*TASK OBJECTIVE*. For the entries below, print exactly the lines between the line holding "Sekso lėlė Mizuki" and the line holding "AS PLACAS TECTÔNICAS", inclusive, and nothing else.

___ EXERCISE INPUT ___

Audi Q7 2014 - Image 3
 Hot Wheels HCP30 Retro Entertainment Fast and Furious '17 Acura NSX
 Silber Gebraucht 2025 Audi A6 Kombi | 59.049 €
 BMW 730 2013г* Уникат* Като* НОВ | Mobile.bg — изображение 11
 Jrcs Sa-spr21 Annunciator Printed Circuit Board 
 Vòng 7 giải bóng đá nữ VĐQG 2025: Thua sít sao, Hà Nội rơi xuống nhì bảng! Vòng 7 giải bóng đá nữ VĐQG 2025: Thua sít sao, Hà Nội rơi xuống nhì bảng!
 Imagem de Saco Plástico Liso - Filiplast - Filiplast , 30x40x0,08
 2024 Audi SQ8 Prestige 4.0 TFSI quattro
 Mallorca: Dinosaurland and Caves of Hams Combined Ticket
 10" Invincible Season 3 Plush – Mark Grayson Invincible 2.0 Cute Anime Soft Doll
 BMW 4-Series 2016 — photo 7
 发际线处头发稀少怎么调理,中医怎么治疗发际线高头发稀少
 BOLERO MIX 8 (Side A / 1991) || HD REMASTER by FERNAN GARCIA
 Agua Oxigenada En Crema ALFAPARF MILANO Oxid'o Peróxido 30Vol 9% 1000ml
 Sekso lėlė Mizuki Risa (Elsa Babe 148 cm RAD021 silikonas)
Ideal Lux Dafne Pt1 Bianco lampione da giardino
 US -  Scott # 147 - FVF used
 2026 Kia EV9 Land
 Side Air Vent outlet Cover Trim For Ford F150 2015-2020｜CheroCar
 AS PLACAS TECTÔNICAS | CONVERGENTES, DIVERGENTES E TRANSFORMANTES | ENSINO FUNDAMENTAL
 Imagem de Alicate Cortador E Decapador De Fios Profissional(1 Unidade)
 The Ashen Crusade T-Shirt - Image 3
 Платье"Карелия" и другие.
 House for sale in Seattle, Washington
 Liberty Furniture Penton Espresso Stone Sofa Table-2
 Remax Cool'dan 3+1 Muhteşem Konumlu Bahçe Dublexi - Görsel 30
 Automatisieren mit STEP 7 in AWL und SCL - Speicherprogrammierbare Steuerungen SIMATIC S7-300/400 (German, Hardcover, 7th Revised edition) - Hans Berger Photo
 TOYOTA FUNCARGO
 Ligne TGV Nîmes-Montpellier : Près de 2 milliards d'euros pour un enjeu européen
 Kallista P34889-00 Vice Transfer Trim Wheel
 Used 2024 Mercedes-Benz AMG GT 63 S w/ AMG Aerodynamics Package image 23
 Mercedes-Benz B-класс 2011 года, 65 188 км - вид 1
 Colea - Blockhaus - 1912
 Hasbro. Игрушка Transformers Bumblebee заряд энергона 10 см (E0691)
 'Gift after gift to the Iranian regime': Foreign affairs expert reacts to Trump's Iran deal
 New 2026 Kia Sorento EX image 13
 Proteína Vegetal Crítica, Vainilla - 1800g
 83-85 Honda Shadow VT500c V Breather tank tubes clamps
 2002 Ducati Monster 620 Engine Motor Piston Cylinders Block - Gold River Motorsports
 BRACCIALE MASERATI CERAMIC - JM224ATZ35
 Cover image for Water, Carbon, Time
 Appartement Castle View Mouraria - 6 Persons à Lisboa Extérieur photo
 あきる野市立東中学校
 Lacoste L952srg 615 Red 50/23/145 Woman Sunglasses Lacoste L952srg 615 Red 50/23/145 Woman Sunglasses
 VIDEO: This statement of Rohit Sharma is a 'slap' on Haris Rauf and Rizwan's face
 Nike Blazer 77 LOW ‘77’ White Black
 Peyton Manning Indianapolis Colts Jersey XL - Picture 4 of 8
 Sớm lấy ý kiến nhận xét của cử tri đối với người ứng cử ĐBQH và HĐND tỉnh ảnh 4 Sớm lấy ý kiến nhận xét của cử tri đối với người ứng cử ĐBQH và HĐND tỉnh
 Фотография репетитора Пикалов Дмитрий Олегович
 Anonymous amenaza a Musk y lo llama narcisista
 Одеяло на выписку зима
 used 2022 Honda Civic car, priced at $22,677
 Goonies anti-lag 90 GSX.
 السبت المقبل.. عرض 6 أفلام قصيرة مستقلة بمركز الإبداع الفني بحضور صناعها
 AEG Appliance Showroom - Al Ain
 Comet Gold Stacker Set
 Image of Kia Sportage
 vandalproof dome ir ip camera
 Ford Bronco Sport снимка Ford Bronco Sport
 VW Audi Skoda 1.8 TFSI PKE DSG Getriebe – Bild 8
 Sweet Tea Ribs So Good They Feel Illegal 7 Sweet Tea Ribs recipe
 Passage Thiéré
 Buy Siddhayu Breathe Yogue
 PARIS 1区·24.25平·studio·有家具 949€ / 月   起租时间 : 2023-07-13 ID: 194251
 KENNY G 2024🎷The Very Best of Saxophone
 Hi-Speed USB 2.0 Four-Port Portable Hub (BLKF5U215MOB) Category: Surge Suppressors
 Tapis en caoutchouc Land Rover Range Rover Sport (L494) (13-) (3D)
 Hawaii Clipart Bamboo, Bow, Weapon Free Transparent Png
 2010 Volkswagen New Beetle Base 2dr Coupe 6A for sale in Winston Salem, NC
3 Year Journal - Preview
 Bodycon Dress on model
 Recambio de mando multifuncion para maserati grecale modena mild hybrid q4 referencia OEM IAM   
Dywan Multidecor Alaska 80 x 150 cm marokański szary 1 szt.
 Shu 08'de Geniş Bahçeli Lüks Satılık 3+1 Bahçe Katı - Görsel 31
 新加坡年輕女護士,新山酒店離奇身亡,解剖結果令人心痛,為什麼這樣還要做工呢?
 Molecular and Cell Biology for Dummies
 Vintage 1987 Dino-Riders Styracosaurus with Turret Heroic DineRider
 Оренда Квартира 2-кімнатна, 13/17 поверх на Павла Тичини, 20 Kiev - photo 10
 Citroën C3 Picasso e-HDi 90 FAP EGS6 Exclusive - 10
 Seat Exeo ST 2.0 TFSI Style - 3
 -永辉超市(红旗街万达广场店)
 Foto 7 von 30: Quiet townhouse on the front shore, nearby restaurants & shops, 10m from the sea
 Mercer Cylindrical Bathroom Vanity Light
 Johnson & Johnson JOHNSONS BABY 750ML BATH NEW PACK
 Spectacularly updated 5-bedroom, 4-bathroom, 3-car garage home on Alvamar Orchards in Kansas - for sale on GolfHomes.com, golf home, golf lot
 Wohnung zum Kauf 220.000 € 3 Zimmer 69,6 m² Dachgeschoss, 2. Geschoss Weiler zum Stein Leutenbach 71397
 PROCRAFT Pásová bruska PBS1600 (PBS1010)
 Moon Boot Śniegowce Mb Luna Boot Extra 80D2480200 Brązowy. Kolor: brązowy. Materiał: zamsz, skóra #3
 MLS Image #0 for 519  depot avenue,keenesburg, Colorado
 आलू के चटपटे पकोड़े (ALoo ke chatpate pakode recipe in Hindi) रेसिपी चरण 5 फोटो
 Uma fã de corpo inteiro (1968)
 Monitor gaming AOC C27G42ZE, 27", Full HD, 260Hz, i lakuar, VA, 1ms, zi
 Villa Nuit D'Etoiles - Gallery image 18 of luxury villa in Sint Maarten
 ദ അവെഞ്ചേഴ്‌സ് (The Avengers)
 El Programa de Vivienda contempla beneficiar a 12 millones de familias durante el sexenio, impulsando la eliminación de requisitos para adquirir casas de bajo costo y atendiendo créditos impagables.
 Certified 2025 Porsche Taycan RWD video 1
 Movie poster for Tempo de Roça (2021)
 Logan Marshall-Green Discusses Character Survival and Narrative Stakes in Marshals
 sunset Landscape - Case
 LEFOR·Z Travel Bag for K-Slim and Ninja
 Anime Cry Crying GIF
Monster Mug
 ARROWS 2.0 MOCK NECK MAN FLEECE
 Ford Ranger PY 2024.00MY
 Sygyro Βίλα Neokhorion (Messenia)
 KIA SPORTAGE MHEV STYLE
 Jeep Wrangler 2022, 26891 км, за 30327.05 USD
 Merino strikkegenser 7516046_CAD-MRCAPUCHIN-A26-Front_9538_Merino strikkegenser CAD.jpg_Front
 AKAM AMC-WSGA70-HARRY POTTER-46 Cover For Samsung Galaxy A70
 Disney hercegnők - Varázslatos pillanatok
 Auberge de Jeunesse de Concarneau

___

*PROBLEM SOLUTION*.
 Sekso lėlė Mizuki Risa (Elsa Babe 148 cm RAD021 silikonas)
Ideal Lux Dafne Pt1 Bianco lampione da giardino
 US -  Scott # 147 - FVF used
 2026 Kia EV9 Land
 Side Air Vent outlet Cover Trim For Ford F150 2015-2020｜CheroCar
 AS PLACAS TECTÔNICAS | CONVERGENTES, DIVERGENTES E TRANSFORMANTES | ENSINO FUNDAMENTAL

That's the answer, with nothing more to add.